GithubHelp home page GithubHelp logo

Question (possibly bug?) about lark HOT 20 CLOSED

gerases avatar gerases commented on July 18, 2024
Question (possibly bug?)

from lark.

Comments (20)

erezsh avatar erezsh commented on July 18, 2024 1

You should use the latest master branch for now, instead of the latest pypi release. I plan to make a release soon, once I see all the recent breaking changes are stable.

from lark.

erezsh avatar erezsh commented on July 18, 2024 1

Regarding line and column for the default parser, I haven't implemented it yet, but I know it's a crucial feature. Feel free to open a new issue for it if you like, and I'll try to get to it soon.

from lark.

erezsh avatar erezsh commented on July 18, 2024

That regex doesn't seem to work with LALR or with Earley?

Regarding LALR: I can see you have different terminals matching the same string. LALR relies on a lexer, which creates tokens before they reach the parser, and so every terminal has to be chosen without awareness to the structure of the grammar.

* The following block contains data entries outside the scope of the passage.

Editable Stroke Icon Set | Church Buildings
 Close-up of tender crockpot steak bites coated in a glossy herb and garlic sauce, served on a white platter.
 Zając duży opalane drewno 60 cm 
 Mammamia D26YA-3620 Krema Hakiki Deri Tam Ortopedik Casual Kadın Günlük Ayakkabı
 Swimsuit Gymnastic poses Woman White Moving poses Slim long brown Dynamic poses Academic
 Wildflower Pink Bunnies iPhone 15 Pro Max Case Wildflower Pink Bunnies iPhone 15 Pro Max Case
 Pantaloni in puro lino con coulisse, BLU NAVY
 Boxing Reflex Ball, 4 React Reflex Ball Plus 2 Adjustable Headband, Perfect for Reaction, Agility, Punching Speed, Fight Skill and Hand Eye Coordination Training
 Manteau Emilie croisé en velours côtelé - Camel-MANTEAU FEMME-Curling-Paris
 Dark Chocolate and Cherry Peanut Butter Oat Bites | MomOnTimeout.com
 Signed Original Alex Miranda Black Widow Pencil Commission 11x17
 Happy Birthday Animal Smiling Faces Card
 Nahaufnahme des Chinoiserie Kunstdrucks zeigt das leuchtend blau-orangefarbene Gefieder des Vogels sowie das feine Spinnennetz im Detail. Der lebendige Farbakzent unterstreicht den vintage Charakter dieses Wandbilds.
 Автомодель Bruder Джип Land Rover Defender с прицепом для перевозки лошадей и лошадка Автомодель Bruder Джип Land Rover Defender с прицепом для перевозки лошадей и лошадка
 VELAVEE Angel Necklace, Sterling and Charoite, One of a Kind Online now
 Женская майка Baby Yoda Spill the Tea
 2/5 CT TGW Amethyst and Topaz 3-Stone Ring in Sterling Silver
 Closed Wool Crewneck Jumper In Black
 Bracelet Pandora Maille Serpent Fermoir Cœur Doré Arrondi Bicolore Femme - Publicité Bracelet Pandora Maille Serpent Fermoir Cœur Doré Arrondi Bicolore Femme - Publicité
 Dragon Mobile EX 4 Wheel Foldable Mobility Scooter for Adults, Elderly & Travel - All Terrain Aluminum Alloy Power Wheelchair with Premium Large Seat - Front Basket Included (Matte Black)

I did write a slight improvement which makes the lexer a bit more contextually aware. You can try it with parser="lalr", lexer="contextual", but I doubt it will work for your case.

The error you got happens because the token COMMAND matches everything, and it happens to take priority over some of the other terminals.

If the contextual lexer doesn't solve it, you can solve this specific error by giving it priority zero, which will make it match last:

COMMAND.0: "whatever"

However, this issue repeats with a few other terminals too. You will probably have to disentangle them.

from lark.

gerases avatar gerases commented on July 18, 2024

Thank you for the quick response, Erez! I do appreciate that.

That particular error happens only when using LALR. I will try to implement your suggestions in short order. The though of LALR relying on token uniqueness for context did cross my mind, but I quickly dismissed it along with other 10 theories in my head at that moment :) I don't have much experience with parsing, but it's super interesting.

from lark.

erezsh avatar erezsh commented on July 18, 2024

Yes, it's super interesting, and also super confusing :)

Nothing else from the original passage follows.